North Korea under Kim Jong Il

Reviewed by Bertil Lintner

North Korea under Kim Jong Il: From Consolidation to Systemic Dissonance, by Sung Chull Kim. State University of New York Press. 277 pages. $75.

Following North Korea's missile launches and the nuclear crisis, understanding the Pyongyang regime has become a growth industry. Consequently, there is no shortage of books purporting to reveal the secrets and unravel the mysteries of what many perceive as the world's most inscrutable nation, ranging from academic studies of Korean political history to more sensational accounts of the least known and most misunderstood of U.S. President George W. Bush's "Axis of Evil" countries.

But merely branding Kim Jong Il's regime as "evil" gets us nowhere, and few Western academics try to get beyond stereotypes and political patterns which may be totally alien to North Korea's rather unique development. The country has grown from a Japanese colony, to a client state effectively established by erstwhile Soviet Union, and on to what it is today: a fiercely independent country that seems to listen to no one, not even its traditional allies. And why has the North Korean regime survived, and its economic and political system remained basically the same, when other former communist regimes have collapsed, or transformed themselves into pseudo market economies?

Sung Chull Kim, an associate professor of Northeast Asian studies at the Hiroshima Peace Institute in Japan, examines the North Korean enigma in his most recent book, North Korea Under Kim Jong Il, and he argues that North Korea has indeed gone through a systemic change since the Dear Leader, Kim Jong Il, rose to power in Pyongyang. Under his father, Kim Il Sung, North Korea was more of a traditional socialist state, built on the legacy of the guerrilla war against the Japanese, while Kim Jong Il has departed from orthodox Marxism-Leninism and refined "socialism in our own style" in the context of a strong state. As Kim Jong Il was consolidating power after the death of his father in 1994, he replaced the Communist Party with the armed forces as the most important organ of the state by proclaiming a policy called songun, or "the military first."

This shift was prompted in part by the collapse of Pyongyang's former socialist allies, and hence the resolute determination to prevent any similar, radical changes from taking place in North Korea. It was also prompted by the fact that North Korea had to become self-sufficient in oil and other commodities, which it previously had received at "friendship prices" from the Soviet Union and China. North Korea, which has been a highly militarized society since the Korean War half a century ago, had to be disciplined and streamlined even further. The public panic generated by the death of Kim Il Sung in 1994 and the chronic shortage of food that followed the near-collapse of the North Korean economy in the same decade, convinced Kim Jong Il that he had to make sure the control mechanism of the state was even more absolute.
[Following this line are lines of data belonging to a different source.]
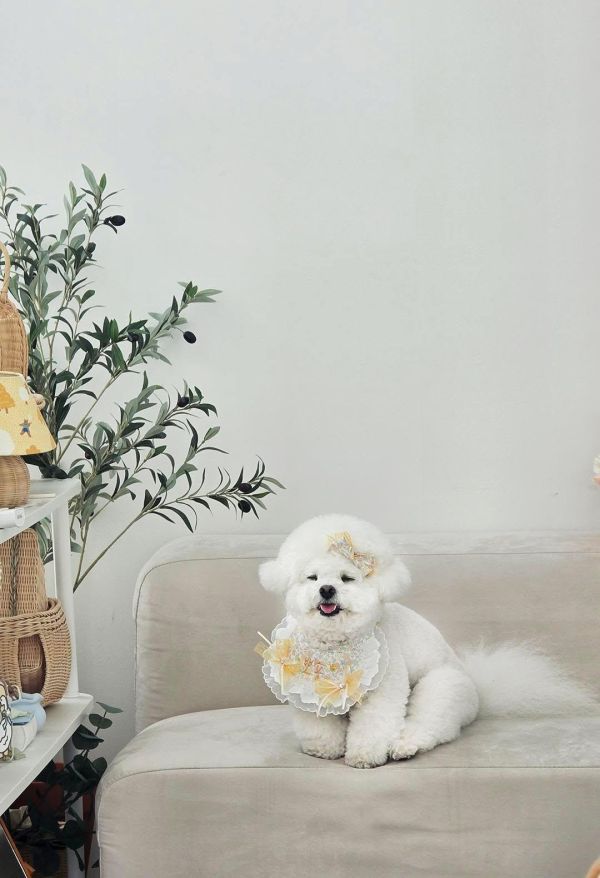 預購0305收單 | SOSO Delight 春季碎花刺繡手工領巾 寵物服飾,寵物選品,韓國寵物服飾,狗衣服,貓衣服,韓國寵物品牌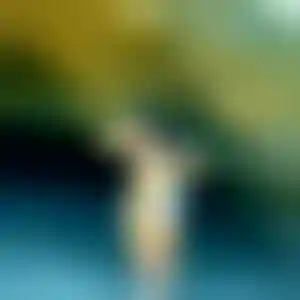 Foto von Hanna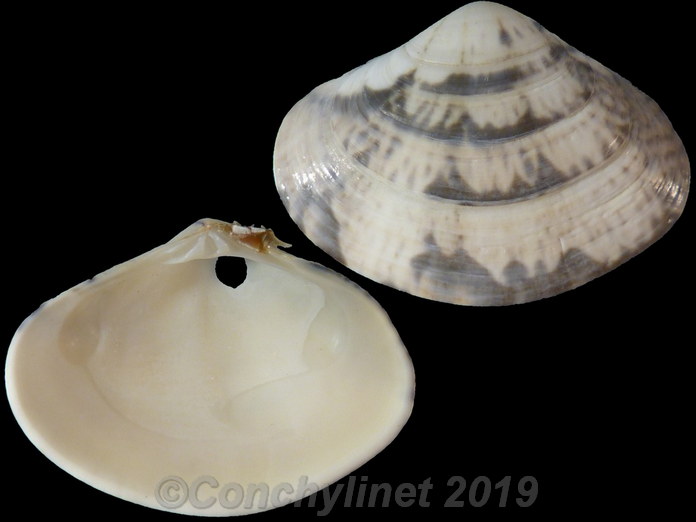 Macridiscus aequilatera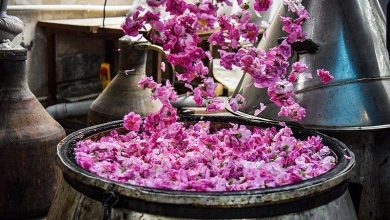 ضرر ۶۰۰ میلیارد تومانی بر پیکره صنعت گلاب‌گیری کاشان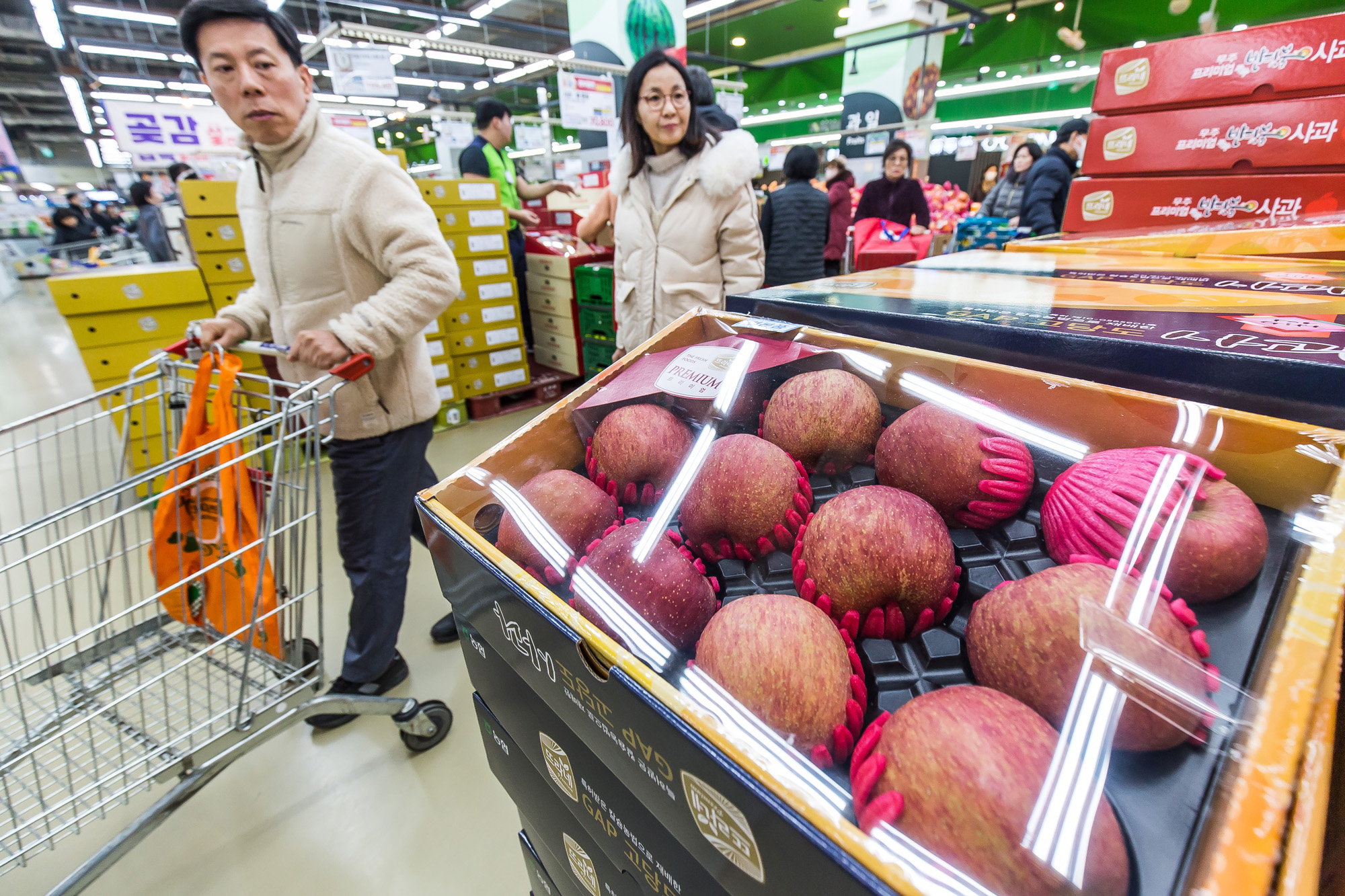 사회;세태;명절;설날;구정;설선물세트;설과일선물세트;설장바구니물가;농협하나로마트양재점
At the same time, the economic crisis forced North Korea to introduce some cautious free market reforms, which it did in July 2002. The desire to develop the economy is real and, in fact, Kim Jong Il's views of capitalism differ quite significantly from those of Lenin, Sung Chull Kim argues. The founder of the Soviet Union inspired his disciples by arguing that imperialism was the highest form of capitalism, and hence would expand to an extent where it would collapse and inevitably give way to socialism. Kim Jong Il, on the other hand, is prepared to accept that "capitalism, which was once close to collapse because of severe competition among capitalists, is reviving now owing to a shift toward more cooperative relations," to quote the Dear Leader himself.

Thus, Kim Jong Il, the author argues, has "attempted to understand the incessant growth of surrounding countries' market economies in the 1980s, such as Japan's and those of the Four Little Dragons in East Asia, including South Korea." North Korea may not want to become capitalist, but it is resigned to the fact that a world revolution is not imminent and, therefore, it has to establish a working relationship with the capitalist world.

But then how can its provocative postures on its nuclear weapons program be explained? And its lone and aggressive stance towards the rest of the world? Sung Chull Kim gives two seemingly contradictory explanations to these phenomena. On one hand, in the face of U.S. sanctions and rhetoric about an "Axis of Evil," North Korea felt it had to search for means of survival, including heavy military buildup and particularly a nuclear deterrent. The other interpretation "posits that North Korea's provocative posture is attributable to the nation's regime, characterized by Kim Jong Il's monolithic power," the author says. According to this view, "the existing oppressive system has to act aggressively, employing external threats or confrontations as a centerpiece for internal political integration."

Both interpretations have merits, Sung Chull Kim concludes, as a country's behavior pattern towards the outside world is "based on a combination of external and internal factors." A country's security policy is not a simple response to stimuli from the outside, but the consequence of continuous interactions within the system and with its environment.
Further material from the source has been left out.